Activity:
The copy should begin at the line containing "Cielo de baño" and end with the last line below, every line exact and no picture included.

(Crawled caption data)
=-=-=

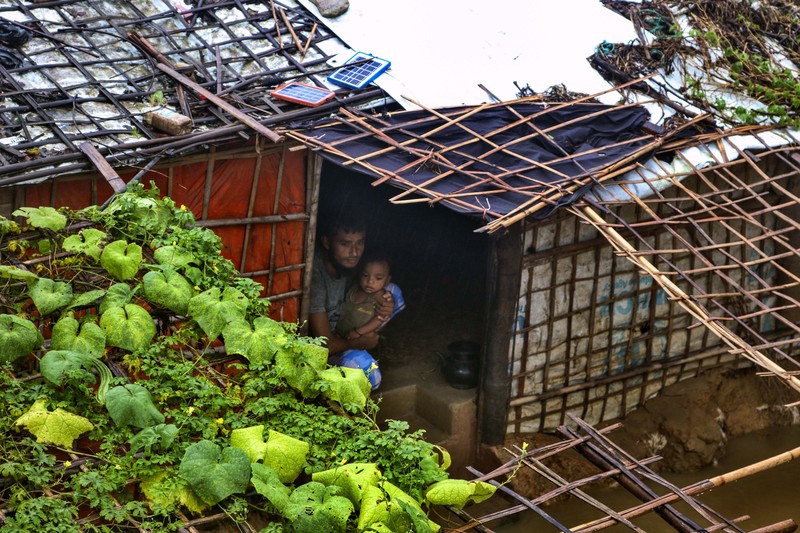 A view of inundated shelters following heavy rains at the Rohingya refugee camp in Kutupalong, Bangladesh, Wednesday, July 28, 2021. Days of heavy rains have brought thousands of shelters in various Rohingya refugee camps in Southern Bangladesh under water, rendering thousands of refugees homeless. (AP Photo/ Shafiqur Rahman)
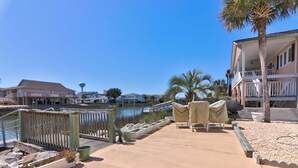 A waterfront property with a dock, outdoor seating, and a view of the water.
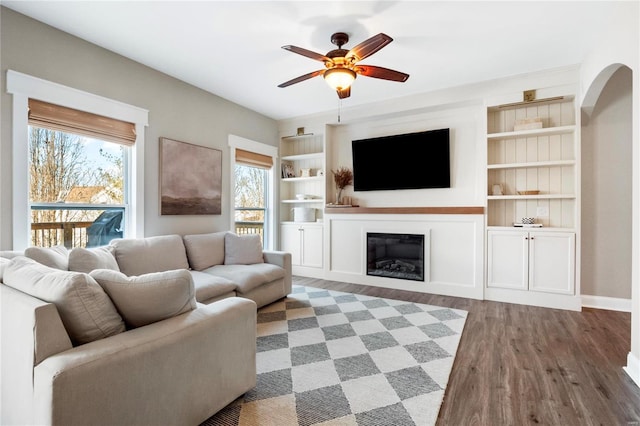 living area with ceiling fan, arched walkways, built in shelves, a glass covered fireplace, and dark wood finished floors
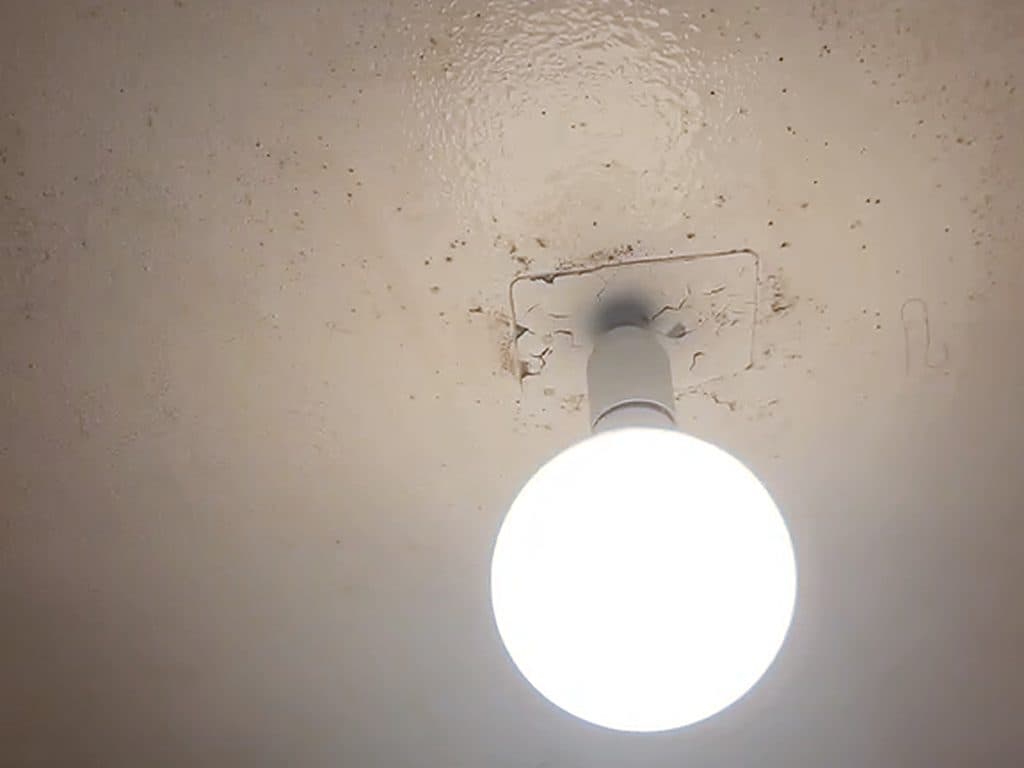 Cielo de baño con la pintura agrietada y suelta alrededor de la lámpara, antes de repararlo y pintarlo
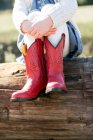 Neck down view of girl sitting on log wearing red cowboy boots — Stock Photo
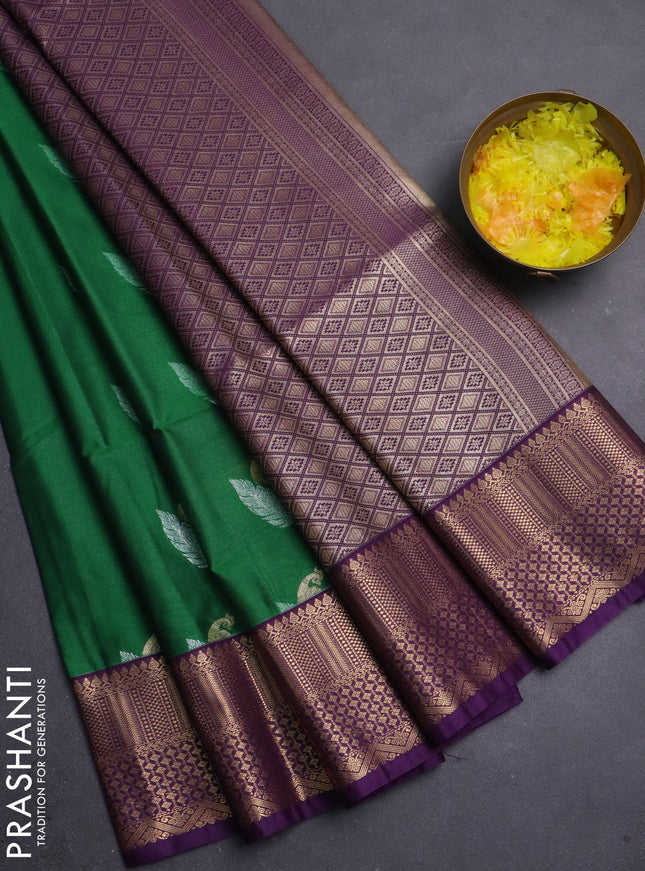 Semi soft silk saree green and purple with zari woven buttas and zari woven border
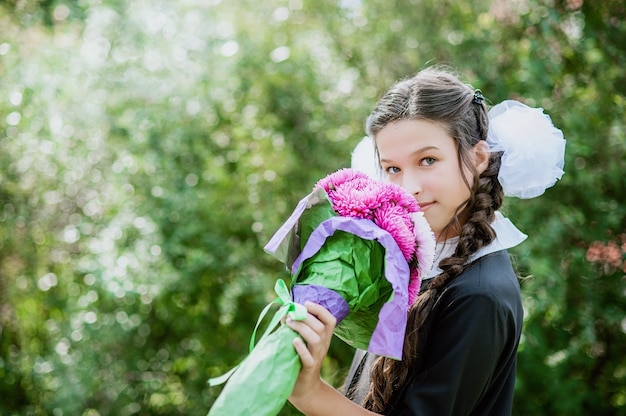 Retrato de una bella joven colegiala en un uniforme escolar festivo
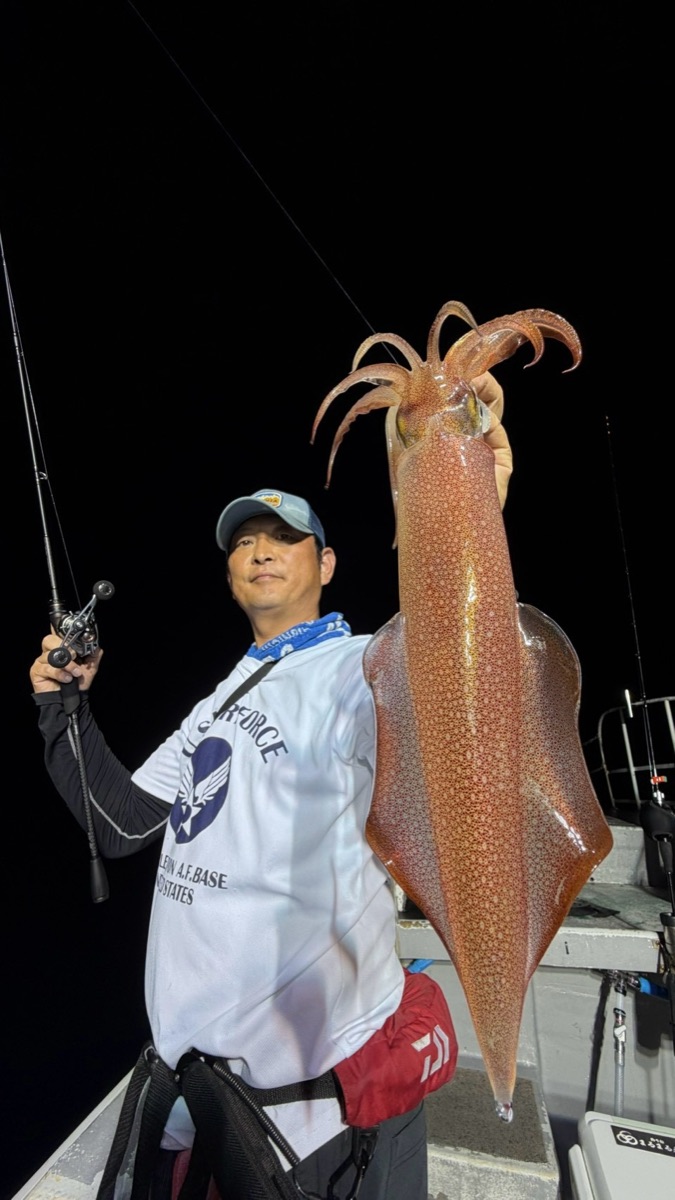 夜の船上で、釣り上げた大きなマイカを右手に掲げ、左手に竿を持つ男性
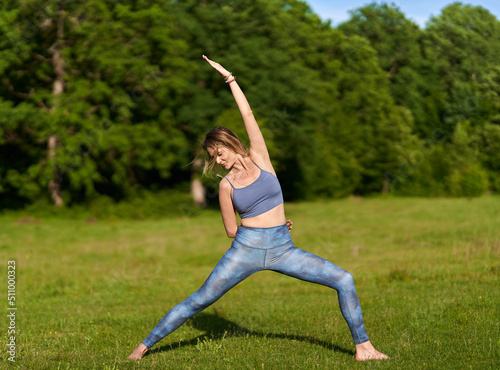 Young woman yoga practitioner in the forest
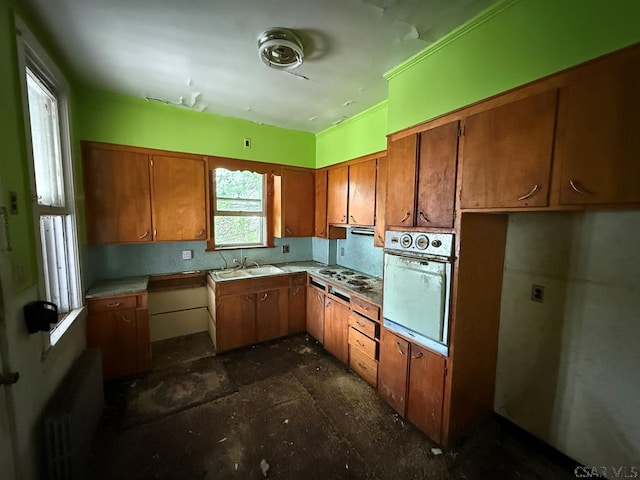 717-719 Messenger St, Johnstown, PA 15902 - kitchen with wall oven, radiator heating unit, brown cabinets, and light countertops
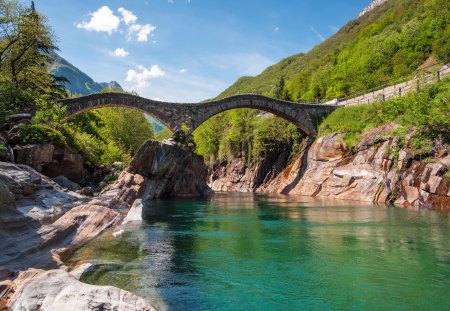 Old Footage Bridge - clouds, trees, water, rock, grass, forest, daylight, architecture, mountain, river, nature, day, sky, bridge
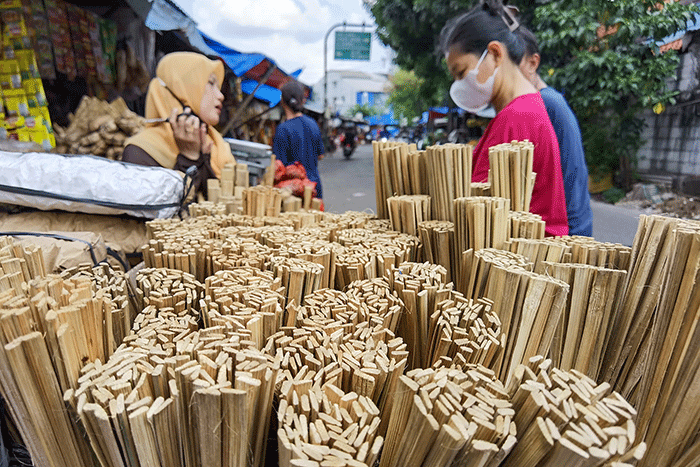 Pedagang saat melayani pembeli perlengkapan membuat sate di Jakarta Barat, Minggu (10/7/2022).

=-=-=

Finished task:
 Cielo de baño con la pintura agrietada y suelta alrededor de la lámpara, antes de repararlo y pintarlo
 Neck down view of girl sitting on log wearing red cowboy boots — Stock Photo
 Semi soft silk saree green and purple with zari woven buttas and zari woven border
 Retrato de una bella joven colegiala en un uniforme escolar festivo
 夜の船上で、釣り上げた大きなマイカを右手に掲げ、左手に竿を持つ男性
 Young woman yoga practitioner in the forest
 717-719 Messenger St, Johnstown, PA 15902 - kitchen with wall oven, radiator heating unit, brown cabinets, and light countertops
 Old Footage Bridge - clouds, trees, water, rock, grass, forest, daylight, architecture, mountain, river, nature, day, sky, bridge
 Pedagang saat melayani pembeli perlengkapan membuat sate di Jakarta Barat, Minggu (10/7/2022).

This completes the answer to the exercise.